■ TASK TO CARRY OUT: Give back the lines below verbatim, omitting all pictures.

■ DATA PROVIDED:
★ ★ ★ ★ ★ ★ ★
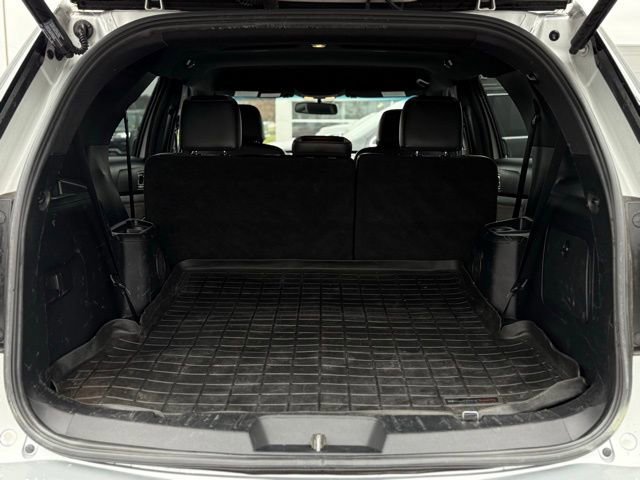 Certified 2017 Ford Explorer XLT w/ Equipment Group 202A image 35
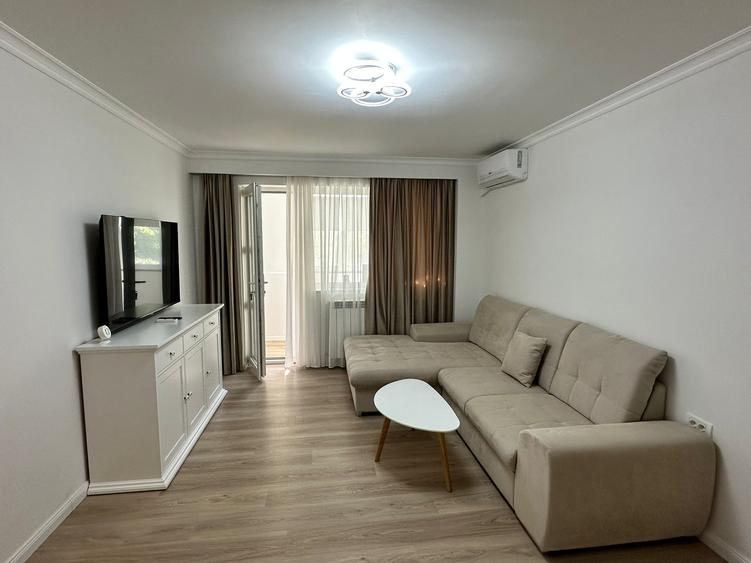 Apartament cu 2 camere decomandat în Ultracentral
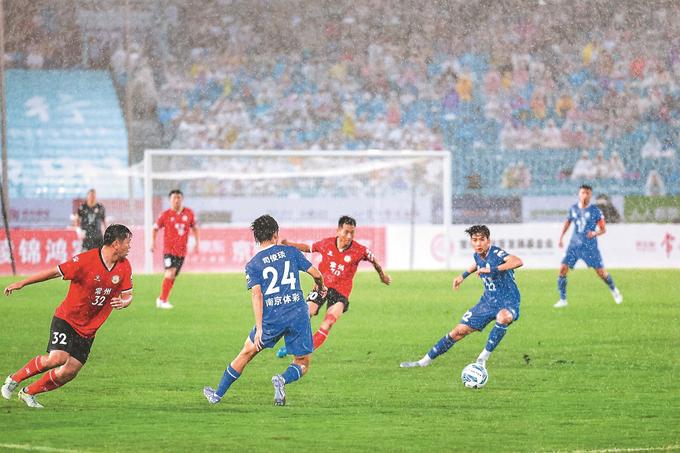 包含南京城开启足球盛宴，球场上演百般较量的词条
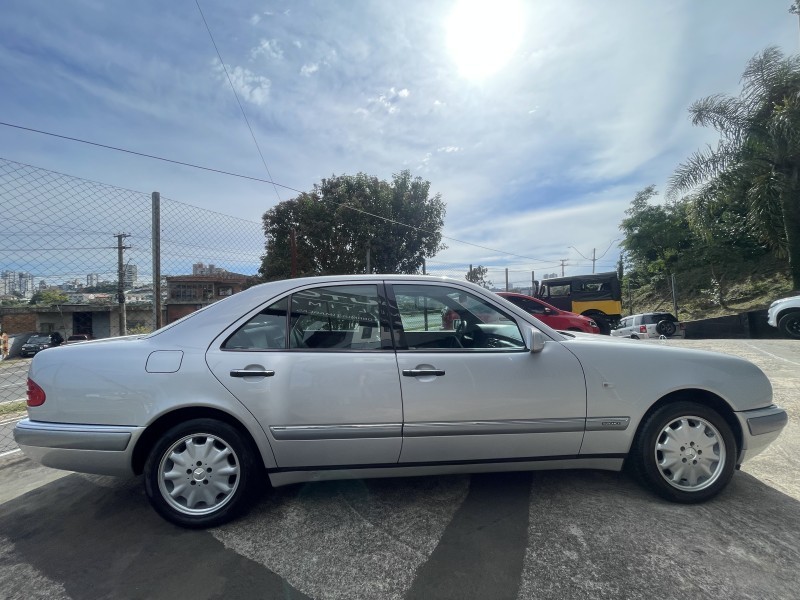 E 320 3.2 ELEGANCE V6 GASOLINA 4P AUTOMÁTICO - 1997 - CAXIAS DO SUL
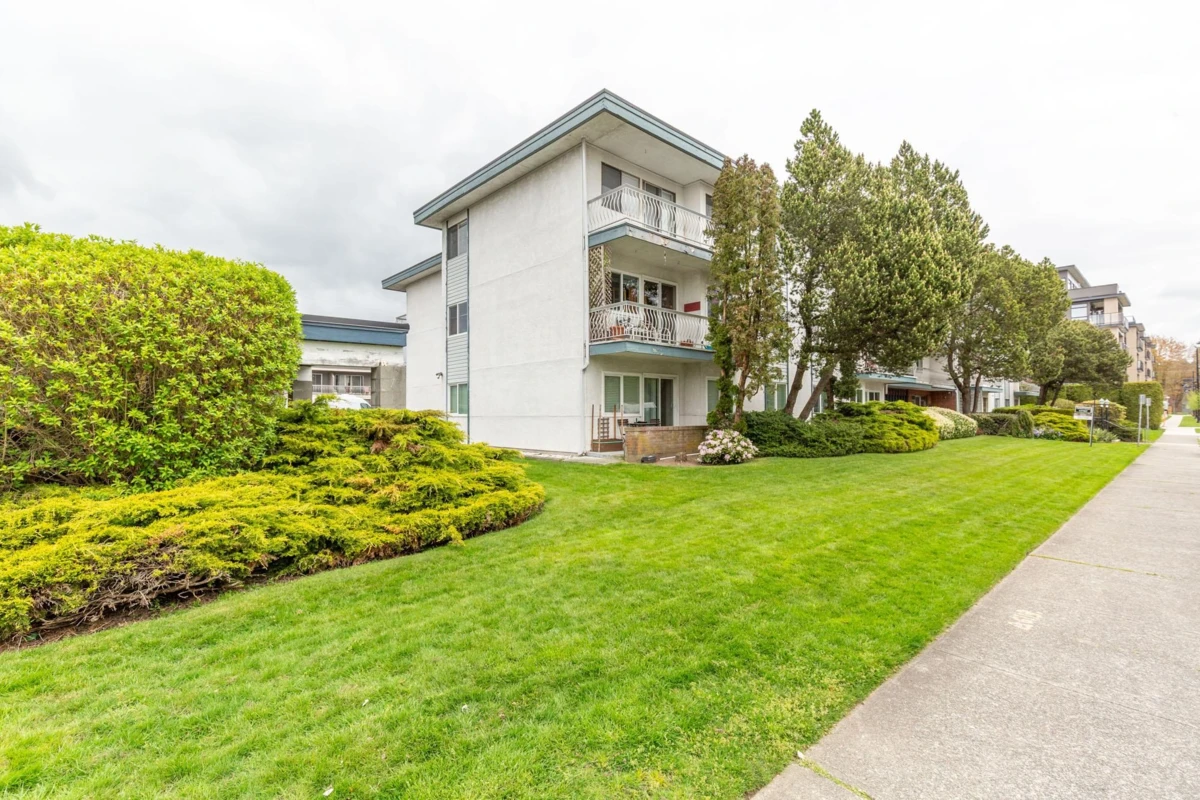 Living Room Photo of 321 17707 57a Avenue, Surrey, BC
★ ★ ★ ★ ★ ★ ★
■ COMPLETED TASK:
 Certified 2017 Ford Explorer XLT w/ Equipment Group 202A image 35
 Apartament cu 2 camere decomandat în Ultracentral
 包含南京城开启足球盛宴，球场上演百般较量的词条
 E 320 3.2 ELEGANCE V6 GASOLINA 4P AUTOMÁTICO - 1997 - CAXIAS DO SUL
 Living Room Photo of 321 17707 57a Avenue, Surrey, BC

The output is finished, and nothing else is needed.